I have tried a lot of variations, but basically they boil down to:


// for the case of loading 1 row of data for sharing amongst threads
work group size = 64x1
x = global x id
lx = local x id
// do the following 3 times, with y=gy-1, y=gy, y=gy+1
// x and y need to be clamped/mirrored before using it to read memory
if (lx < boundary extra pixels total)
 load the border pixels beyond the current workgroup size, save to local array
  i.e from x+64-1, y
fi
// then do this 3 times, saving each value in a different register
load the pixels for the rest of the workgroup, save to local array
  - i.e. from x-1, y
barrier(local);
// now 'this' thread already has the first column of data, and it only needs
// to read 6 values from local

This way each ‘thread’ already has one column of values in a register, which saves an additional local load. Doing a XxN where N>1 can help more too. i.e. you can do 4 rows of output for each 6 rows of loads if you have a worksize 64x4, rather than 1 row of output for 3 rows of loads. The loading gets more complex though.

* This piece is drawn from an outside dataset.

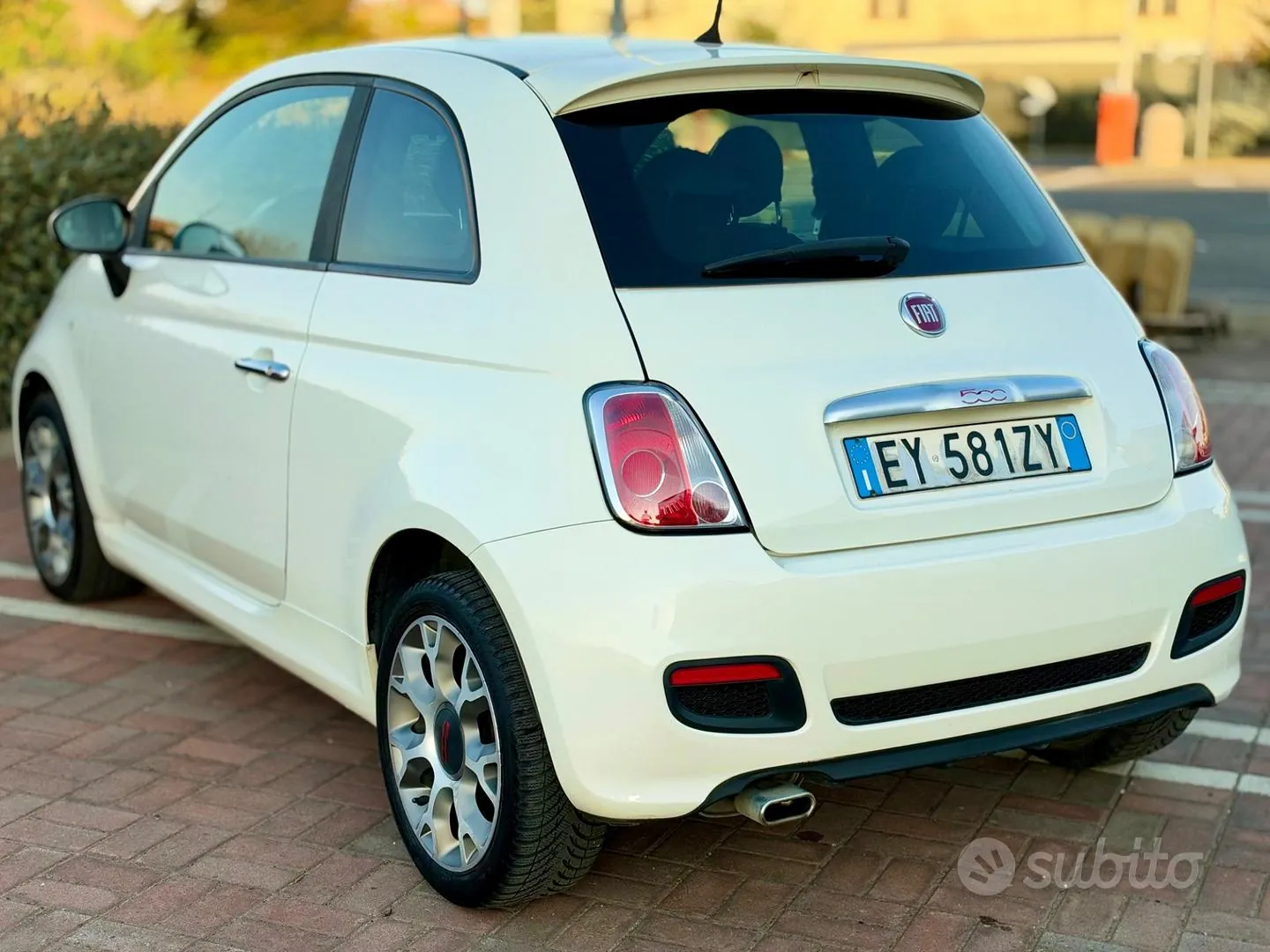 Fiat 500 2015 photo 4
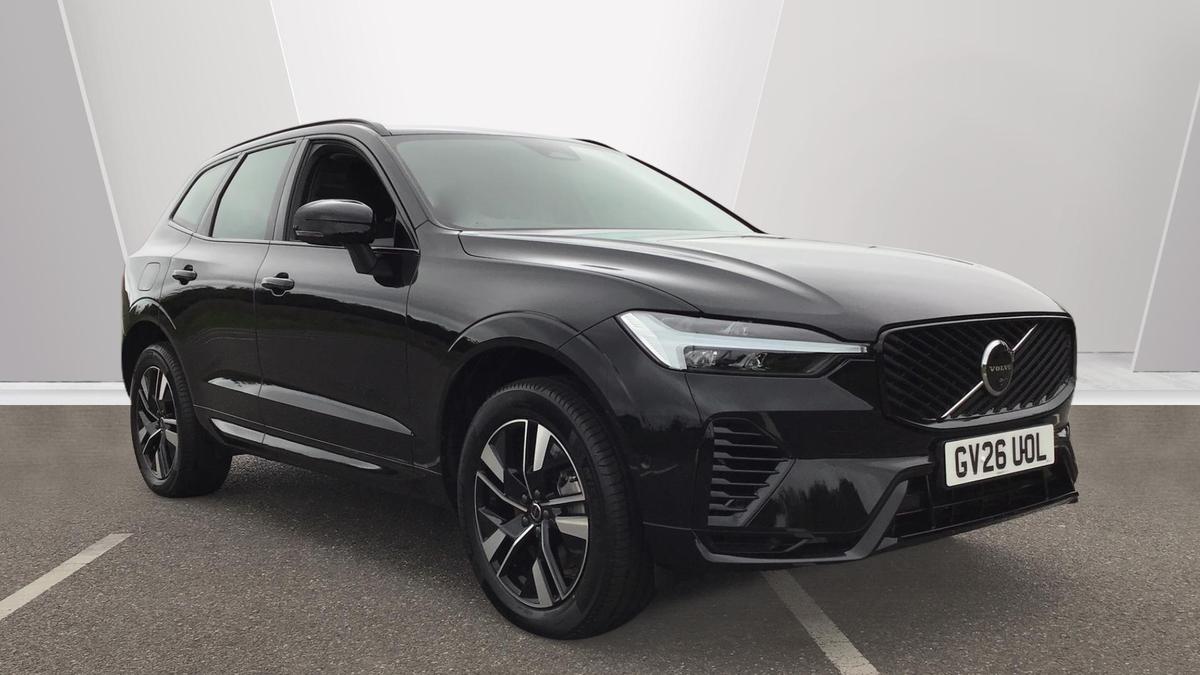 Main listing image - Volvo XC60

Unfortunately I can’t remember with a small kernel like 3x3 whether it was worth it, i think for some hardware without array cache it might be for arrays. For images I think it ends up being a wash at this size.

Hello notzed, thanks for the reply, but unfortunely I can’t figure out what you mean in your example, Could you please clarify this example for me ?

I’ve tried somethings on my own too, but the perfomance I got from it was worse than just getting all neighborhood from global memory, here is the code:


  int local_x = get_local_id(0);
  int local_y = get_local_id(1);

  shared_input[pos] = 255.f * read_imagef(input, sampler, (int2) (x, y));
 
  if (local_x == 0)
  {
    shared_input[pos - 1] = 255.f * read_imagef(input, sampler, (int2) (x - 1, y));
    if (local_y == 0)
      shared_input[pos - 10 - 1] = 255.f * read_imagef(input, sampler, (int2) (x - 1, y - 1));
  }
 
  if (local_y == 0)
  {
    shared_input[pos - 10] = 255.f * read_imagef(input, sampler, (int2) (x, y));
    if (local_x == 7)
      shared_input[pos - 10 + 1] = 255.f * read_imagef(input, sampler, (int2) (x + 1, y - 1));
  }
 
 
  if (local_x == 7)
  {
    shared_input[pos + 1] = 255.f * read_imagef(input, sampler, (int2) (x + 1, y));
    if (local_y == 7)
      shared_input[pos + 10 + 1] = 255.f * read_imagef(input, sampler, (int2) (x + 1, y + 1));
  }
 
  if (local_y == 7)
  {
    shared_input[pos + 10] = 255.f * read_imagef(input, sampler, (int2) (x, y + 1));
    if (local_x == 0)
      shared_input[pos + 10 - 1] = 255.f * read_imagef(input, sampler, (int2) (x - 1, y + 1));
  }

As you can see, what I did was simply send the thread pixels to the local array and then verify if this thread pixels is in a work-group boundary, if true, it will send the pixels necessary pixels from the other work-groups too, the problem is that this code is very inneficient.

Thanks !

Well I was talking about array access, where you orient your data access differently to benefit from coalescing, and some hardware has no l1 cache at all. It wasn’t clear in your initial query - otherwise I would’ve just said not to bother.

image reads are cached (on any existing hardware), so for this sized problem you’re pretty unlikely to benefit from using LS, and it will almost certainly make it slower. If the problem gets too big the tiny texture cache becomes ineffective but for a 3x3 it works well.

Try using a local work size size of 16x16, if you’re not using too many registers this is usually (in my experience) more efficient than 8x8 (which you seem to be using).